System Documentation

Older documentation about this project and the Colorado RLA system is in the legacy-docs folder. It may be somewhat out of date, but is useful for non-IRV aspects of colorado-rla:

Documentation related to IRV extensions is in the irv-docs folder.

  • a slide deck summarizing the main ideas,
  • the Guide To RAIRE, Part 1 and Part 2, describing the background theory for IRV auditing,
  • the Implementation Report, detailing the implementation and describing the user workflow changes from plurality-only audits.

More recent versions may be available at the Democracy Developers github repository,

Deployment Instructions

Running the raire service (needed for IRV)

Run the raire-service by following the raire-service README.

Deploying colorado-rla with the raire-service

To run an audit, clone and deploy colorado-rla by following the developer instructions..

colorado-rla's raire_url property tells it where to find raire.
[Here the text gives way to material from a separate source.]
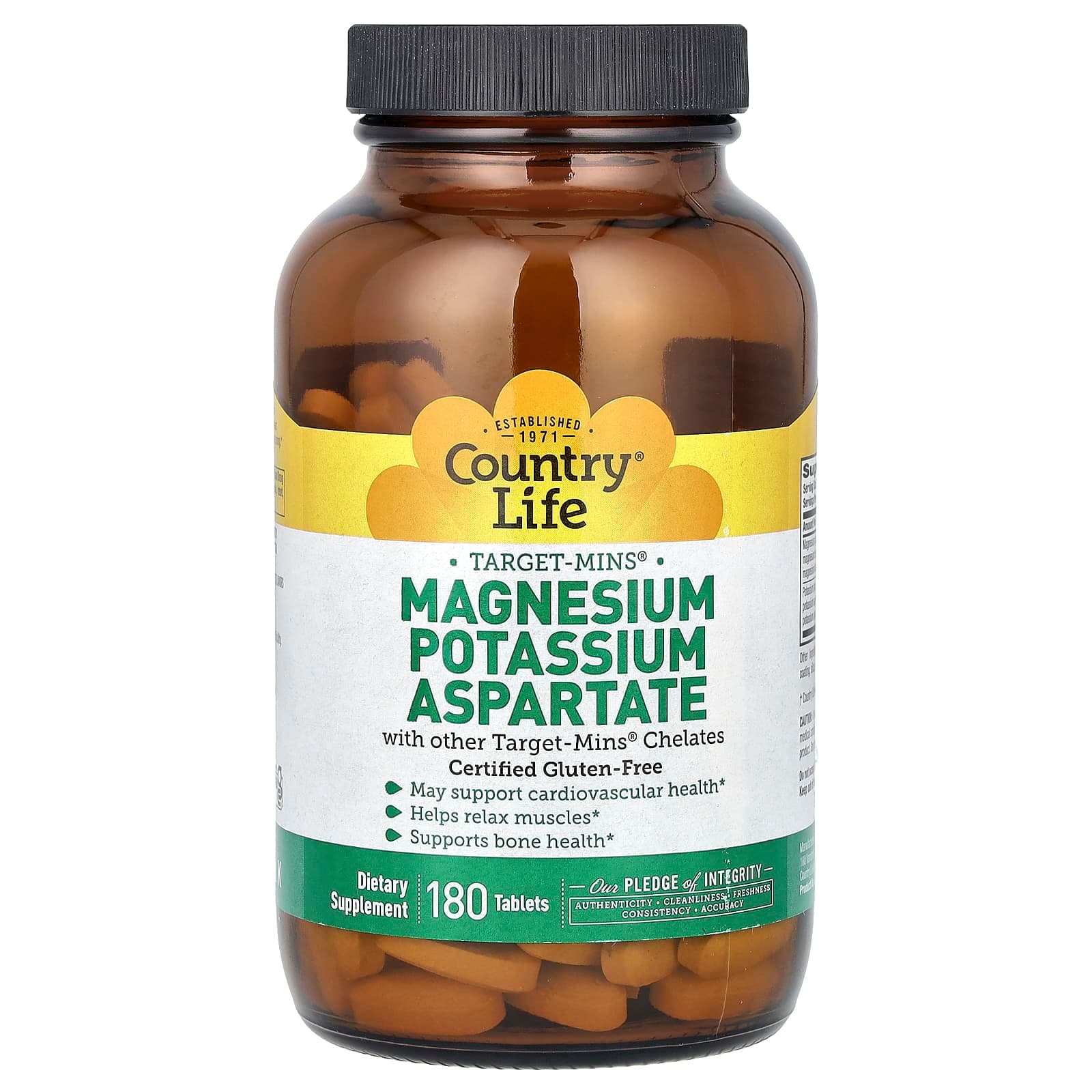 Country Life Target-Mins, Magnesium Potassium Aspartate – 180 comprimés de Country Life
The default (http://localhost:8080) is set up so that both can run on the same machine without any change to the addresses or ports.

If you are running raire-service somewhere different, set

raire_url = [your new location]

in src/test/resources/test.properties, src/main/resources/us/freeandfair/corla/default.properties, src/main/resources/us/freeandfair/corla/default.properties and src/main/resources/us/freeandfair/corla/default.properties depending on which one of these you are using.

Deployment security

In production, authentication between raire-service and colorado-rla MUST be mutual.

  • Raire-service MUST NOT accept connections from any process other than colorado-rla.
  • colorado-rla MUST verify that it is communicating with the correct raire-service.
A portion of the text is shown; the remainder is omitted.